If the motor is set to 1/8 step mode, then the above for loop would result in half a revolution.

Controlling motor rotation direction.

The direction of rotation of the stepper motor is determined by setting the direction (DIR) pin either HIGH or LOW. Depending on how you connected the stepper motor, when the DIR pin is set HIGH, the motor will turn clockwise and when set LOW it turns counter clockwise.

Controlling speed of rotation of the motor.

The speed of the stepper motor is determined by the frequency of the pulses we send to the STEP pin which is set using the delayMicroseconds() function. The shorter the delay, the higher the frequency and therefore the faster the motor runs.

Using AccelStepper library to control A4988 Stepper Motor Driver.

In case you need to control multiple Stepper motors or to achieve more complex movements, then using a library is a better option and the AccelStepper library written by Mike McCauley is one of the best for controlling stepper motors with a number of motor drivers.

This library can be installed directly from the Arduino IDE by going to Tools > Manage Libraries… to open the Library Manager where you can search for ‘AccelStepper’ and look for and install the latest version of the library by Mike McCauley.

Example code for controlling A4988 Stepper motor driver with Arduino using AccelStepper library.

The code below uses the AccelStepper library to run the motor back and forth using the A4988 Stepper motor driver.

#include <AccelStepper.h>

#define dirPin 2
#define stepPin 3
#define motorInterfaceType 1

AccelStepper stepper = AccelStepper(motorInterfaceType, stepPin, dirPin);

void setup() {
  stepper.setMaxSpeed(1000);
}

void loop() { 
  stepper.setCurrentPosition(0);
  while(stepper.currentPosition() != 400)
  {
    stepper.setSpeed(200);
    stepper.runSpeed();
  }
  delay(1000);
  stepper.setCurrentPosition(0);

  while(stepper.currentPosition() != -200) 
  {
    stepper.setSpeed(-600);
    stepper.runSpeed();
  }

  delay(1000);

  stepper.setCurrentPosition(0);

  while(stepper.currentPosition() != 600)
  {
    stepper.setSpeed(400);
    stepper.runSpeed();
  }

  delay(3000);
}

Code description:

First, you have to include the AccelStepper library and then declare the A4988 and Arduino connections and the motor interface type. When using a step and direction driver, the motor interface type must be set to 1.

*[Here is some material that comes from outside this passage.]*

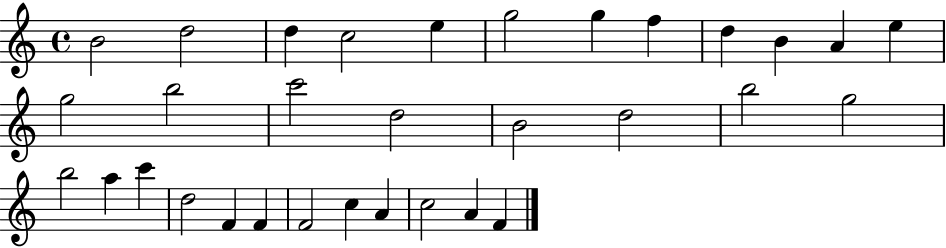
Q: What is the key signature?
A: C major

Then you need to create a new instance of the AccelStepper class with the appropriate motor interface type and connections. You can even create multiple instances of the AccelStepper class with different names and pins which allows you to easily control two or more stepper motors at the same time.

In the setup() section, we use the setMaxSpeed() function to set the maximum speed in steps/second.

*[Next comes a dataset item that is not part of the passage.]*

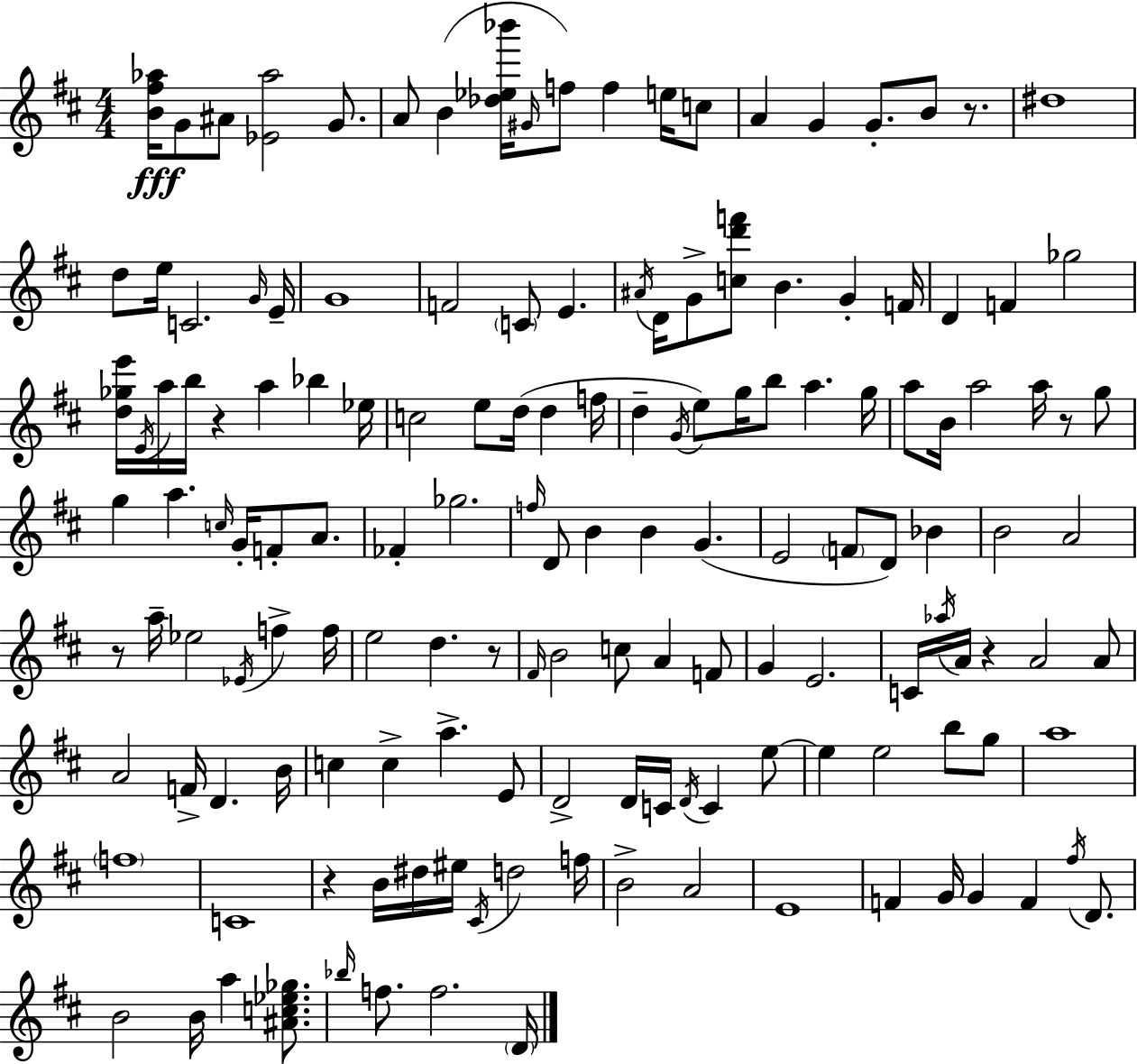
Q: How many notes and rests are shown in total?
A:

In the loop section, the setCurrentPosition() function is used to set the position of the motor to zero. A while loop is used to check if the current position of the stepper motor is not equal to 400 steps and while this is not the case, we run the stepper motor at a constant speed of 200steps/second as set by setSpeed() and runSpeed() functions.

The rest of the loop just does exactly the same but with different speed and target positions.

setSpeed() function can take on negative values indicating a backward rotation.

The AccelStepper library can also be used to achieve acceleration and deceleration like in an example I used in another tutorial for TB6600 Stepper motor driver.